Exercise data

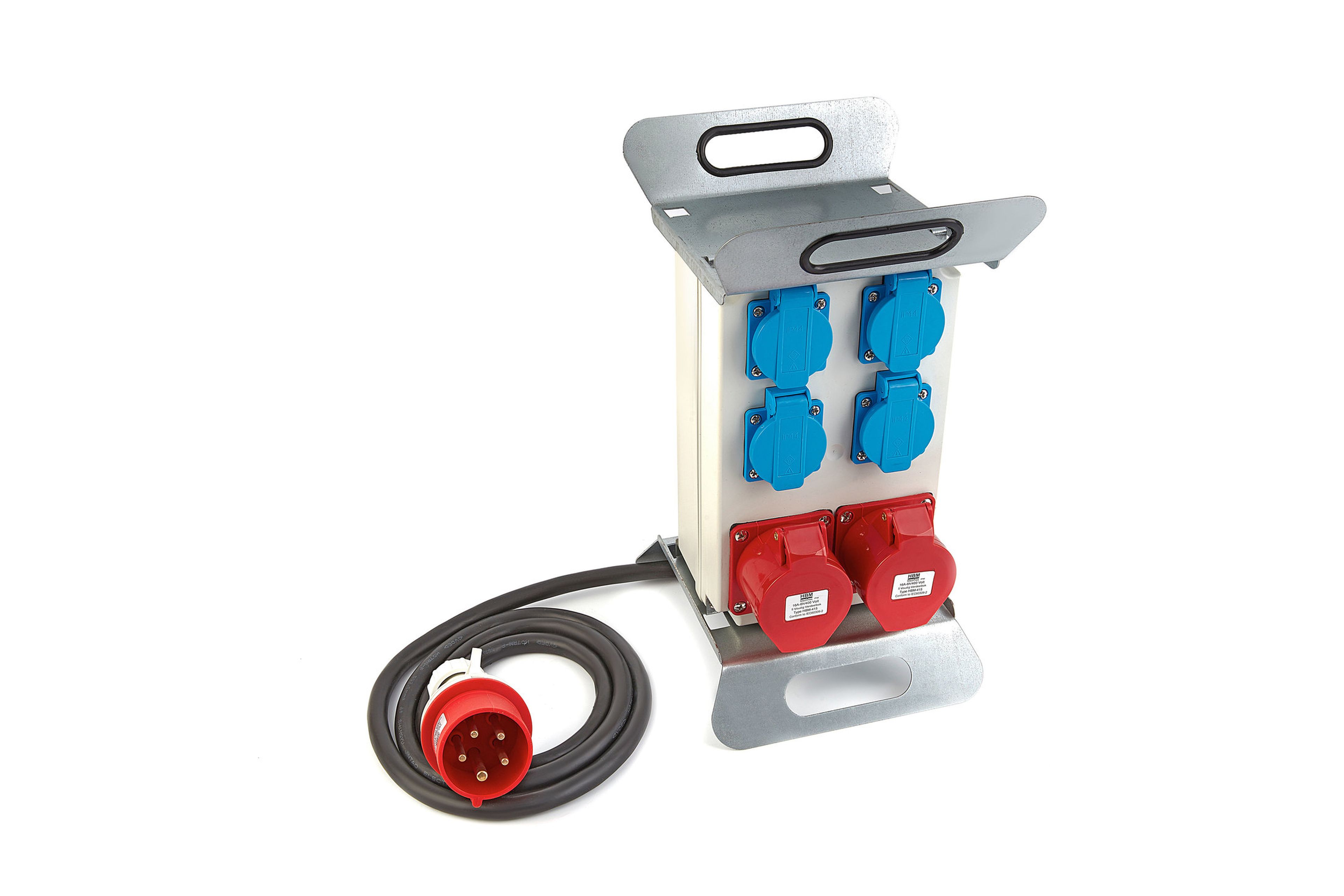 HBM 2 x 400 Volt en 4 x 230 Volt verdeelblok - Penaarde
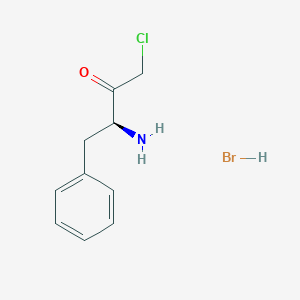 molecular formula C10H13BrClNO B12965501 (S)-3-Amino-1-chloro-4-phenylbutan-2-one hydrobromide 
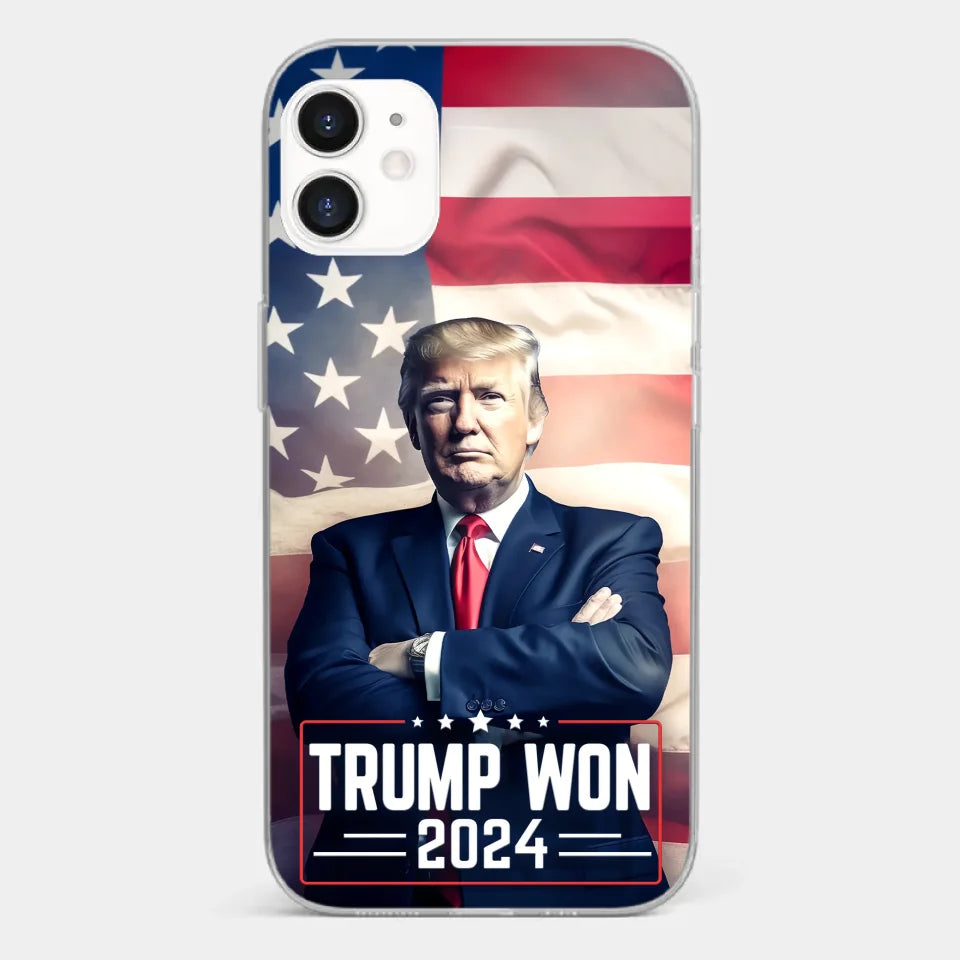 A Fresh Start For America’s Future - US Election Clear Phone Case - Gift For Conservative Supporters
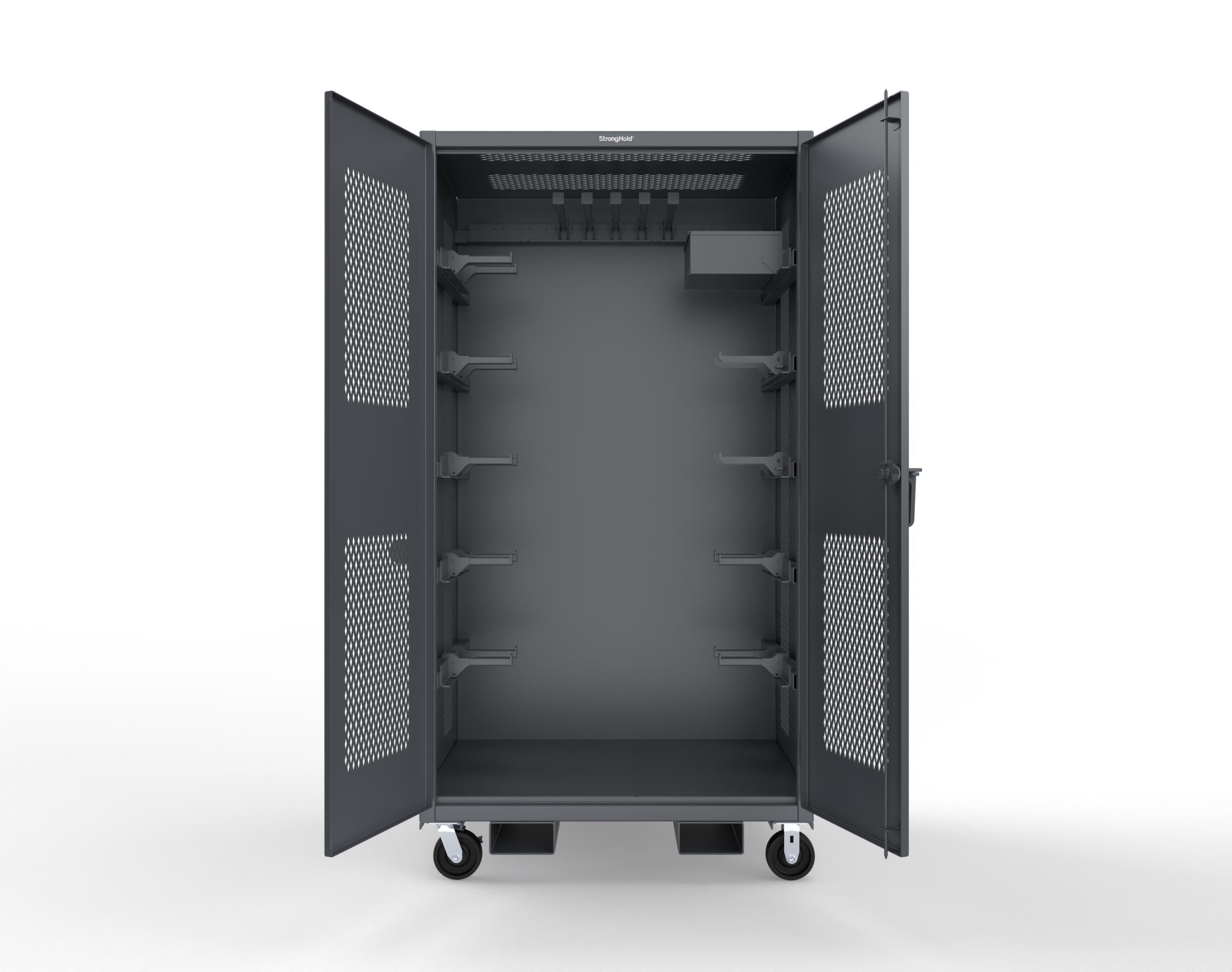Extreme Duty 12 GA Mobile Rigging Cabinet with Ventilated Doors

Task to complete
Repeat the listing exactly; do not print any picture.

Answer to the exercise
 HBM 2 x 400 Volt en 4 x 230 Volt verdeelblok - Penaarde
 molecular formula C10H13BrClNO B12965501 (S)-3-Amino-1-chloro-4-phenylbutan-2-one hydrobromide 
 A Fresh Start For America’s Future - US Election Clear Phone Case - Gift For Conservative Supporters
Extreme Duty 12 GA Mobile Rigging Cabinet with Ventilated Doors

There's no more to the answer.